Dave Gabaldon, a forestry fuels technician with the Fuels and Vegetation Management team of the USDA Forest Service in Arcadia also studied forestry at Citrus College. Gabaldon said prescribed burning has always been a tool the Forest Service has used. “There are different reasons as to why prescribed burning is used one year more than the next, depending on how environmental conditions are or if there was an intense fire season before,” Gabaldon said. His team would survey burns while monitoring and checking to see if prescribed burning was helping wildlife and flora. After analyzing the data they collected before and after the fire season, they carefully set a treatment to protect communities in the area.

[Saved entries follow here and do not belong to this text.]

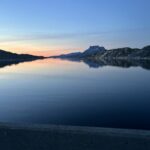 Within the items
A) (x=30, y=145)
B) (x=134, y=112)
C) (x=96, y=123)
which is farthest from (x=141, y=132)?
(x=134, y=112)

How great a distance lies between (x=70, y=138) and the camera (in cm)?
704

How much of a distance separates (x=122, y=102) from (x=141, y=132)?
2378 cm

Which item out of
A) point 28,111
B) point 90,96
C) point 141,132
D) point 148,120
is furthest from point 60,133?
point 90,96

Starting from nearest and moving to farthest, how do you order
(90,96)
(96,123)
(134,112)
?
(96,123)
(134,112)
(90,96)

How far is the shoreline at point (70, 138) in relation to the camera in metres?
6.76

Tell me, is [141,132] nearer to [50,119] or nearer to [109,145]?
[109,145]

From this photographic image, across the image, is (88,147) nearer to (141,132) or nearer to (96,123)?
(141,132)

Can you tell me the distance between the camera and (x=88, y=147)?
272 inches

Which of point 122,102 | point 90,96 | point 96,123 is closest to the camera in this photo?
point 96,123

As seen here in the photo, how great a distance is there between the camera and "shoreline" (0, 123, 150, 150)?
676 centimetres

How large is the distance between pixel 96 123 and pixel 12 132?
14786mm

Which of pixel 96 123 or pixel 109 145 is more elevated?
pixel 109 145

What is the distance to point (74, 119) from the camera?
889 inches

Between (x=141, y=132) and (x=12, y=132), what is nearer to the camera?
(x=141, y=132) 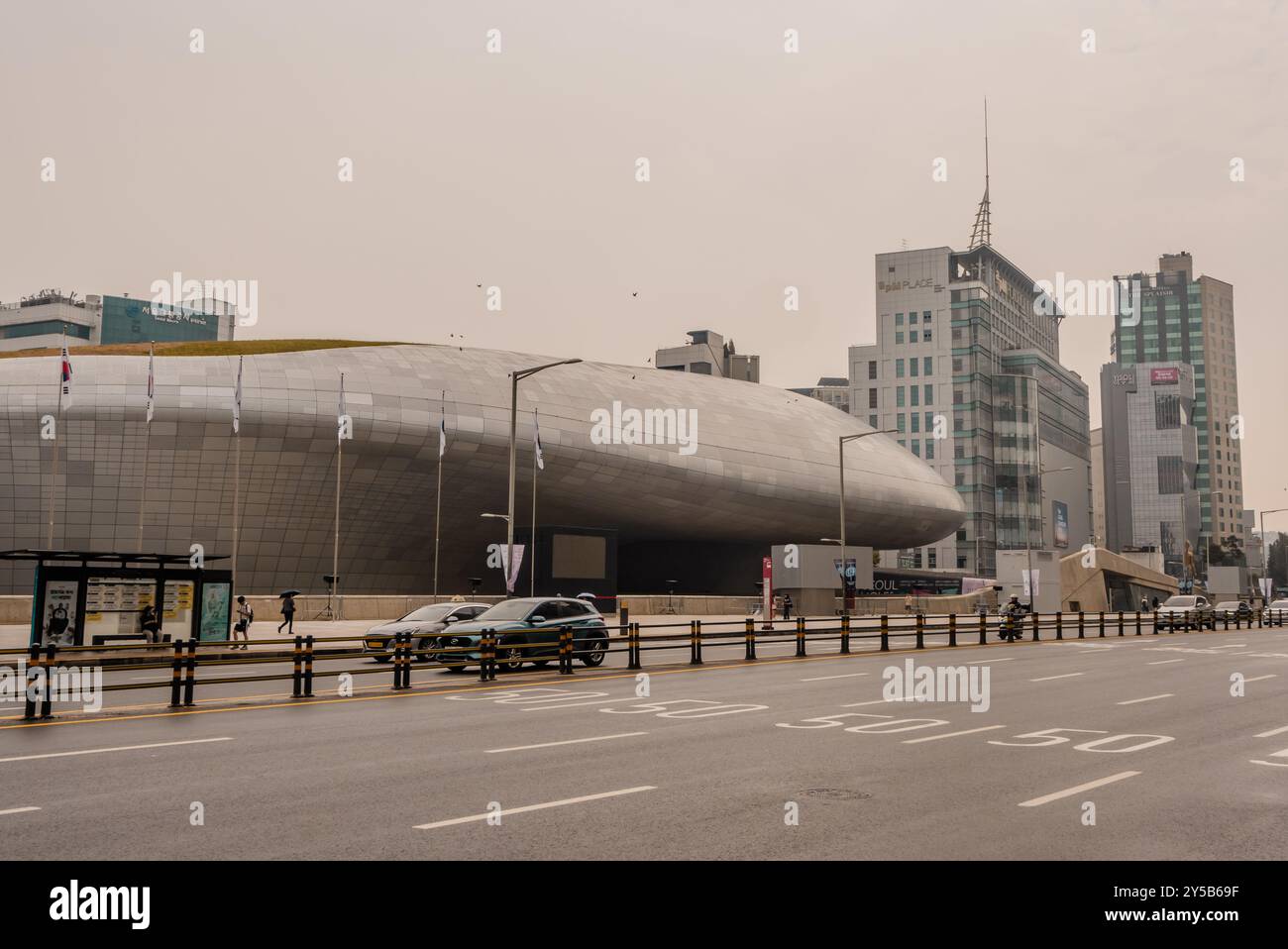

For the past few years, Citrus College’s Wildland Resources and Forestry Program within the Natural Sciences Department has partnered with Gabaldon’s team in the USDA Forestry Service to collect data and take surveys of the land. One of the main projects the student volunteers were assigned to help with was preparation of sites that were to be treated with a particular kind of controlled burn known as pile burning. “The students would assist me with selecting fuel sampling plots to estimate the existing vegetation prior to the burn and before any hand thinning treatments. They marked locations, took photo points, hung prescribed fire warning signs to alert the public, and helped identify any plants that were to be left,” Gabaldon said. The data that Citrus interns helped to collect, coupled with data collected prior to fire season, helped the USDA Forestry Service make calculated decisions as to when and where it is safest to hold these controlled burns. Logos asked if the USDA forestry service has received any pushback from the local community regarding the prescribed burning, Gabaldon declined to comment on the matter.
Kevin Nunez is an elder of the Gabrielino-Tongva Tribe, which has been indigenous to the Los Angeles Basin for 7,000 years. Nunez works for the City of Azusa and is his tribe’s liaison to the Forest Service. “The Tongva Tribe are supporters of fire breaks and of fire prevention mitigation in populated areas by removal of ground and debris and ladder growth. At this time, we are not supporters of controlled burns, both because of ecological impact as well as culturally. We did not practice controlled burns in the San Gabriel mountains of our territory,” Nunez said. He recently led a successful fire mitigation prevention clean up at Crystal Lake. On Oct. 25, 2020, he wrote a Facebook post of gratitude to all who volunteered with the clean up: “We were over 40 strong with ages 4 to 82 years young!! Much love and thanks to all the volunteers!! Aweesh Kone Xaa!! All done with strict Covid19 precautions!! Canyon City Environmental Project and the Gabrielino Tongva San Gabriel Band of Mission Indians are thankful for the awesome support!!”
In light of this past year’s worsening fire season conditions, it’s clear that these groups and community volunteers are attempting to do their own part in keeping our forests cleared and prepared for the future. Moving forward, continued caution must be taken by officials in the Forest Service, local tribes, and, perhaps most importantly, California residents to protect the wildlife and homes in the forests.